We note that the `Accident` table contains a special `Table` variable. This special variable allows to create a `1:n` relation. The target table is in its argument between parentheses (`Vehicle`).

## Training the Classifier

While the dictionary file specifies the table schemas and their relations, it does not contain any information about the data files. On a single table task the third mandatory parameter of `train_predictor` specifies the data table file. For multi-table tasks this parameter is still used to specify the main table; to specify the rest of the tables we use the optional parameter `additional_data_tables`.

The `additional_data_tables` parameter is a Python `dict` whose keys are the data paths of each table and the values are their file paths (in our case just a single pair). For more information about data-paths see basics of [Khiops dictionary files](../kdic_intro).

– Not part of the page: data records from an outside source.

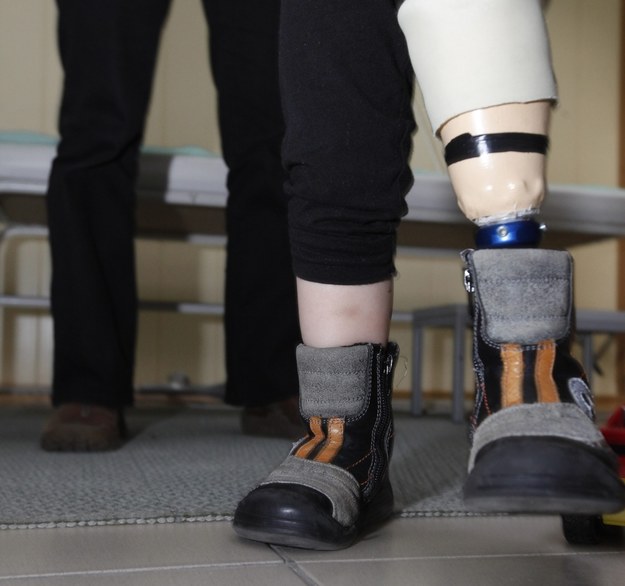 Mechaniczna proteza stawia na nogi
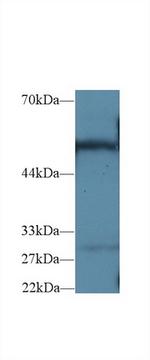 G6PD Antibody in Western Blot (WB)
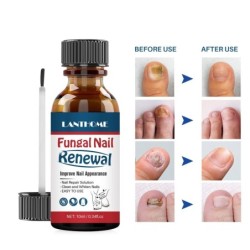 Nails antifungal oil - repair liquid serumTreatment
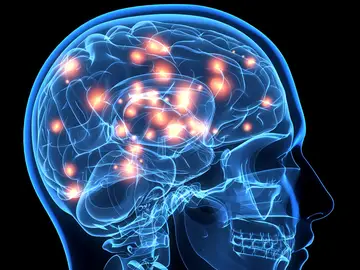 Cerebro Cerebro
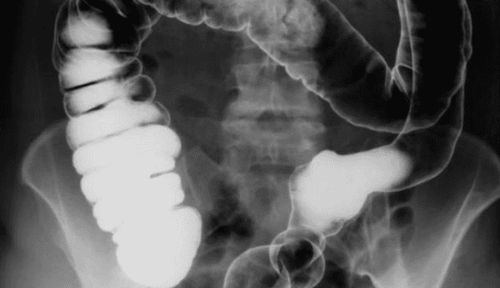 Digital X-ray technique of the small intestine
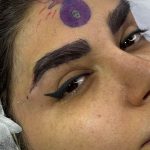 جای بخیه جراحی لیفت تحتانی ابرو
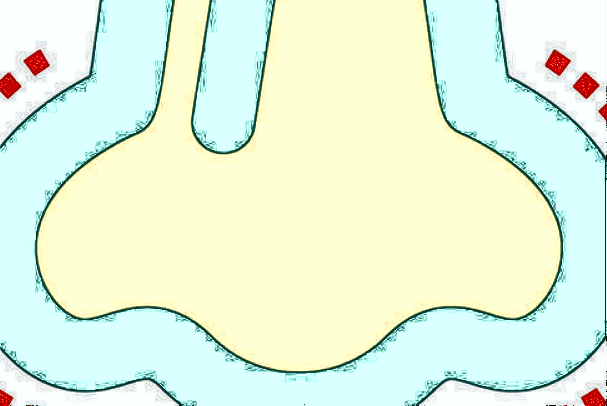 膨體隆鼻會(huì)變細(xì)變窄嗎?膨體隆鼻會(huì)回縮多少呢?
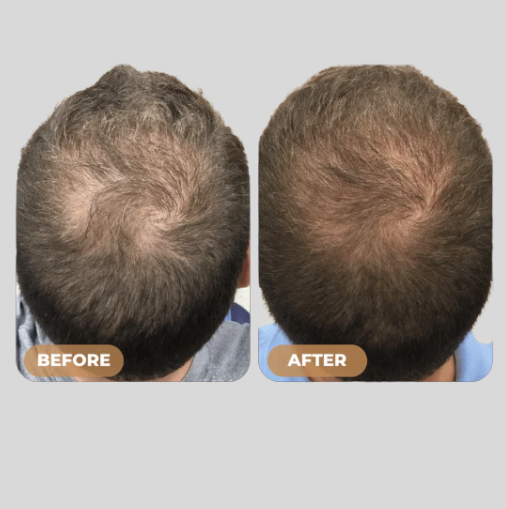Root Activator Shampoo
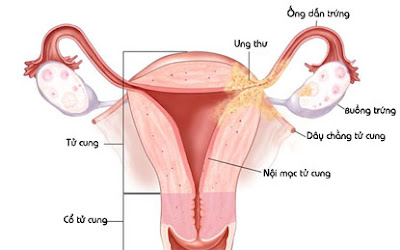 Tìm hiểu về bệnh viêm nội mạc tử cung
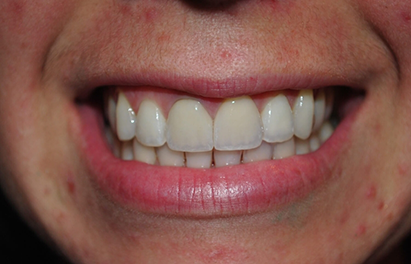 Smile after addressing chipped and discolored front teeth with veneers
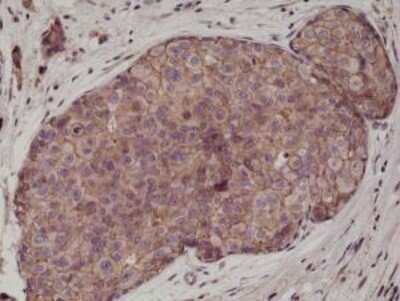 Immunohistochemistry-Paraffin: E-Cadherin Antibody (RM244) [NBP2-61468] - Immunohistochemical staining of formalin fixed and paraffin embedded human breast cancer tissue sections using NBP2-61468.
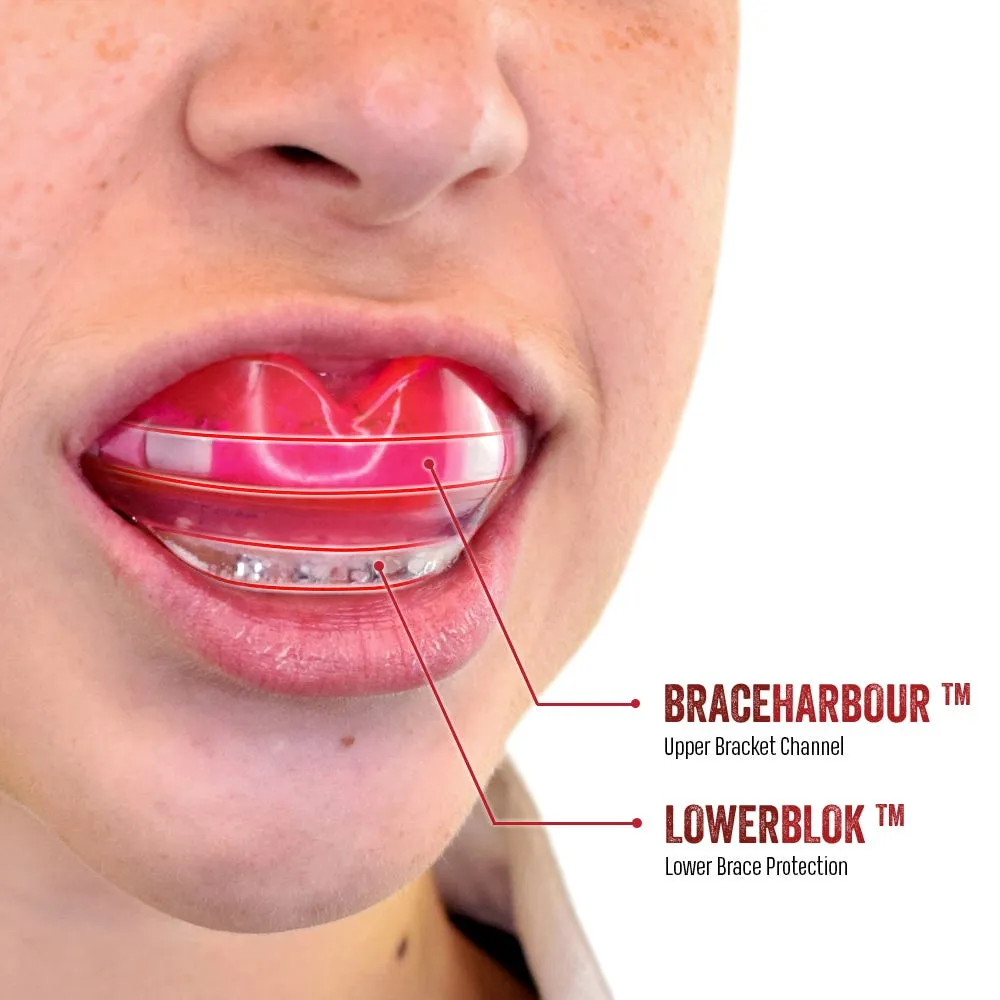 Protector Bucal Adulto Safejaws Ortho Series Rosado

By default, the Khiops creates at most 100 multi-table variables (`max_variables`) and 10 random decision trees (`max_trees`). We change these values for this example:

In [4]:
model_report_path, model_kdic_path = kh.train_predictor(
    accidents_kdic_path,
    "Accident",
    accidents_table_path,
    "Gravity",
    "./mt_results",
    additional_data_tables={
        "Accident`Vehicles": vehicles_table_path,
    },
    max_constructed_variables=1000,
    max_trees=0,
)

## Printing the accuracy and AUC of the model

To get the performances, we load the model report file into the variable `model_report` as in the previous "Single Table Classifier" tutorial.

In [5]:
model_report = kh.read_analysis_results_file(model_report_path)
accidents_train_performance = model_report.train_evaluation_report.get_snb_performance()
accidents_test_performance = model_report.test_evaluation_report.get_snb_performance()

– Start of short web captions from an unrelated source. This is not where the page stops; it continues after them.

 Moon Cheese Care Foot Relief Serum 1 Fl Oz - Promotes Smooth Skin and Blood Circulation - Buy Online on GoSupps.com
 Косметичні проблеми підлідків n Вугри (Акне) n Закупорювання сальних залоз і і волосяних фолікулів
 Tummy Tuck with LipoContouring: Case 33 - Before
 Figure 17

print(f"Accidents train accuracy: {accidents_train_performance.accuracy}")
print(f"Accidents train auc     : {accidents_train_performance.auc}")
print(f"Accidents test accuracy : {accidents_test_performance.accuracy}")
print(f"Accidents test auc      : {accidents_test_performance.auc}")

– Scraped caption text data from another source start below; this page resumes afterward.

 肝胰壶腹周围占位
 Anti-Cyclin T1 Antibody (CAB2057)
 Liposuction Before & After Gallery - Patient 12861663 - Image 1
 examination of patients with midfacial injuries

Accidents train accuracy: 0.944848
Accidents train auc     : 0.816594
Accidents test accuracy : 0.945303
Accidents test auc      : 0.817946


## Deploying the Classifier

We are now going to deploy the `Accidents` classifier that we have just trained.

To this end we use the model dictionary file that the `train_predictor` function created in conjunction the the `deploy_model` core API function. Note that the name of the dictionary for the model is `SNB_Accident`.

Similarly to the model training we must set the `additional_data_tables` parameter to take into account the secondary table.

For simplicity, we'll just deploy on the whole data table file (one usually would do this on new data):

In [6]:
accidents_deployed_path = "./mt_results/accidents_deployed.txt"
kh.deploy_model(
    model_kdic_path,             # Path of the model dictionary file
    "SNB_Accident",              # Name of the model dictionary
    accidents_table_path,        # Path of the table to deploy the model
    accidents_deployed_path,     # Path of the output (deployed) file
    additional_data_tables = {   # Pairs of {"data-path": "file-path"} describing the other tables
        "SNB_Accident`Vehicles": vehicles_table_path,
    },
)

The deployed model is in the path in the variable `accidents_deployed_path`, let's have a look at it

In [7]:
display(pd.read_csv(accidents_deployed_path, sep="\t").head(10))

Unnamed: 0,AccidentId,PredictedGravity,ProbGravityLethal,ProbGravityNonLethal
0,201800000001,NonLethal,0.048355,0.951645
1,201800000002,NonLethal,0.073891,0.926109
2,201800000003,NonLethal,0.059189,0.940811
3,201800000004,NonLethal,0.03227,0.96773
4,201800000005,NonLethal,0.014231,0.985769
5,201800000006,NonLethal,0.107437,0.892563
6,201800000007,NonLethal,0.092529,0.907471
7,201800000008,NonLethal,0.06683,0.93317
8,201800000009,NonLethal,0.230061,0.769939
9,201800000010,NonLethal,0.043399,0.956601


The deployed data table file contains three columns
- `PredictedGravity`: Which contains the class prediction
- `ProbGravityLethal`, `ProbGravityNonLethal`: Which contain the probability of each class of `Accidents`.